Causes Of Headache

Causes Of Headaches: Pseudotumor Cerebri And Stroke

If you are suffering from a headache then it is first essential to find out the cause of your headache and then choose the cure. Though treatable, the causes of headaches can be extremely varied.

Seudotumor Cerebri
The word 'pseudo' means 'false'. Hence the word pseudotumor literally means a 'false tumor'. This condition is so named because the symptoms of a pseudotumor mimic those of an actual tumor.

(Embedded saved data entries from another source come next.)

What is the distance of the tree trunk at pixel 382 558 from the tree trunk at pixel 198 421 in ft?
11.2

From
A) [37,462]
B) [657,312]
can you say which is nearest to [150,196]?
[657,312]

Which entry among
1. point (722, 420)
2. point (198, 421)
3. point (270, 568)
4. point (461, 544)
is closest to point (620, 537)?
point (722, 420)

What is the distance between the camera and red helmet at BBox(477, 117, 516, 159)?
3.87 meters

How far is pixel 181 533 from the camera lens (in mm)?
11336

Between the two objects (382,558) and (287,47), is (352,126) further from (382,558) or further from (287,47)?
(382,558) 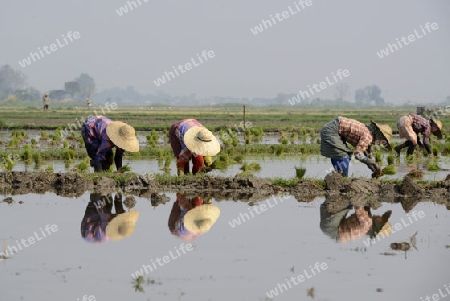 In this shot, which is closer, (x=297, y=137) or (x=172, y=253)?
(x=172, y=253)

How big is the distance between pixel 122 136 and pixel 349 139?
10.9 ft

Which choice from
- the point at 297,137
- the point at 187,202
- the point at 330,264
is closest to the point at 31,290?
the point at 330,264

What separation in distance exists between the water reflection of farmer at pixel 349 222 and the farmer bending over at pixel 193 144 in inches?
85.8

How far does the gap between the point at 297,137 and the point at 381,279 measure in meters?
20.1

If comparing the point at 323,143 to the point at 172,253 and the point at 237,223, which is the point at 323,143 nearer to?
the point at 237,223

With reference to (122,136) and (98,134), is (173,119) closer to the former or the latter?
(98,134)

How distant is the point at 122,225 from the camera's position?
9438 mm

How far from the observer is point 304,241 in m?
8.59

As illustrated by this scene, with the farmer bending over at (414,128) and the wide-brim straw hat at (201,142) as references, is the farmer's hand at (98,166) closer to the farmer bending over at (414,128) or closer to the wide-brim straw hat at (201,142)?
the wide-brim straw hat at (201,142)

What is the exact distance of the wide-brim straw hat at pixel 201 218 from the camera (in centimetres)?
928

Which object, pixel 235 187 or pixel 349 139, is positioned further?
pixel 349 139

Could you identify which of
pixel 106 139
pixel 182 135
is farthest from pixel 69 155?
pixel 182 135

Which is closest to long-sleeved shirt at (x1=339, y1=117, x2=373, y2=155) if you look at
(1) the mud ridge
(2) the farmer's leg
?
(2) the farmer's leg

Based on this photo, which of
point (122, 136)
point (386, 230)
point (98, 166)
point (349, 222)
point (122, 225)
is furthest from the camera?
point (98, 166) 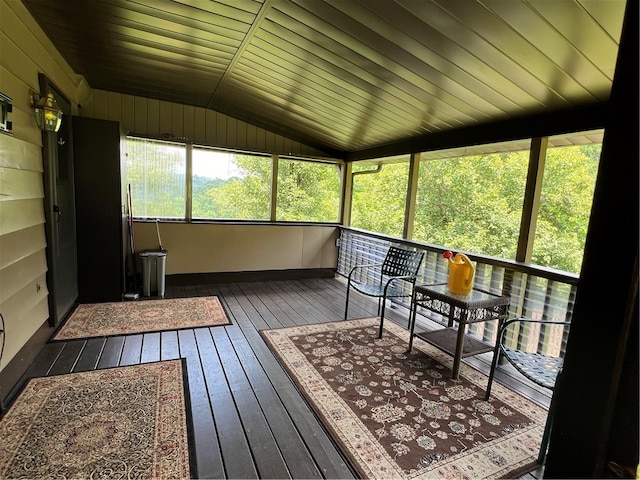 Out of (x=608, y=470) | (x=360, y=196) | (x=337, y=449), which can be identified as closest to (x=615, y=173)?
(x=608, y=470)

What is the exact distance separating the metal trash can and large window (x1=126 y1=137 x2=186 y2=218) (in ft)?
2.22

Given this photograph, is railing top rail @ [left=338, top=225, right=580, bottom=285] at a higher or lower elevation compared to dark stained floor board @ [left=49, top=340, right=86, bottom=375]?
higher

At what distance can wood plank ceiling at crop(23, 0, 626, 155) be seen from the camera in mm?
1799

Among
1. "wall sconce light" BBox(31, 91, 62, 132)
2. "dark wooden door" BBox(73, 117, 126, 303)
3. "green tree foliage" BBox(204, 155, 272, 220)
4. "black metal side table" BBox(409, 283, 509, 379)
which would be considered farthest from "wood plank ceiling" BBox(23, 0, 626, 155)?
"black metal side table" BBox(409, 283, 509, 379)

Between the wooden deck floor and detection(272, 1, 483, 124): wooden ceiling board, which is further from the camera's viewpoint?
detection(272, 1, 483, 124): wooden ceiling board

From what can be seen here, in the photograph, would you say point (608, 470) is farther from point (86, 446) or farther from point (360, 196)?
point (360, 196)

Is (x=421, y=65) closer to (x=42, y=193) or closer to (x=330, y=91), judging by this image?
(x=330, y=91)

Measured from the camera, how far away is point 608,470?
2.06ft

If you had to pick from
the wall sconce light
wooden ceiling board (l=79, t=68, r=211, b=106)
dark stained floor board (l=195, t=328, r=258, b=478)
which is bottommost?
dark stained floor board (l=195, t=328, r=258, b=478)

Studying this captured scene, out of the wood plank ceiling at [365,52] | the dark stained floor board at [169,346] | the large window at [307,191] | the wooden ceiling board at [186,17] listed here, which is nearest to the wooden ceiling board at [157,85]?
the wood plank ceiling at [365,52]

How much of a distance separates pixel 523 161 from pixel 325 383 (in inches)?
253

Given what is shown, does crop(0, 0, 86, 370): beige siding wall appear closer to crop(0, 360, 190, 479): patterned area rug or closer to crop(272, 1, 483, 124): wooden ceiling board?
crop(0, 360, 190, 479): patterned area rug

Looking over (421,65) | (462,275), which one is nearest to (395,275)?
(462,275)

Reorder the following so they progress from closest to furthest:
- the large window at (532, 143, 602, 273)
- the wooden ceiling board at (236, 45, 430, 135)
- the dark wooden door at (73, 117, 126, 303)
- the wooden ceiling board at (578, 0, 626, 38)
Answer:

In this case, the cerebrospinal fluid surrounding the brain exerts extra pressure leading to headaches which although varying in intensity, can occur daily. Apart from headache, nausea, vomiting and pulsating intracranial noises can also occur. These are also the symptoms associated with a tumor. A psuedotumor can lead to a permanent loss of vision.

It is most common in women in the age group of 20-50. The causes for this have been attributed to certain drugs, hormones, and vitamins.

It is commonly seen that if the causative agent is removed, the condition automatically improves. However, in some cases treatment with diuretics or steroids may be required. Sometimes surgery may be needed to remove pressure from the optic nerve. But, in some cases, the pseudotumor may recur even after proper treatment.

Stroke
The brain being the most important part of the body needs a continuous supply of oxygen and nutrients. Any blockage or interruption in this supply can lead to the brain cells dying, thereby, leading to a stroke. Strokes can also cause sudden bleeding in or around the brain.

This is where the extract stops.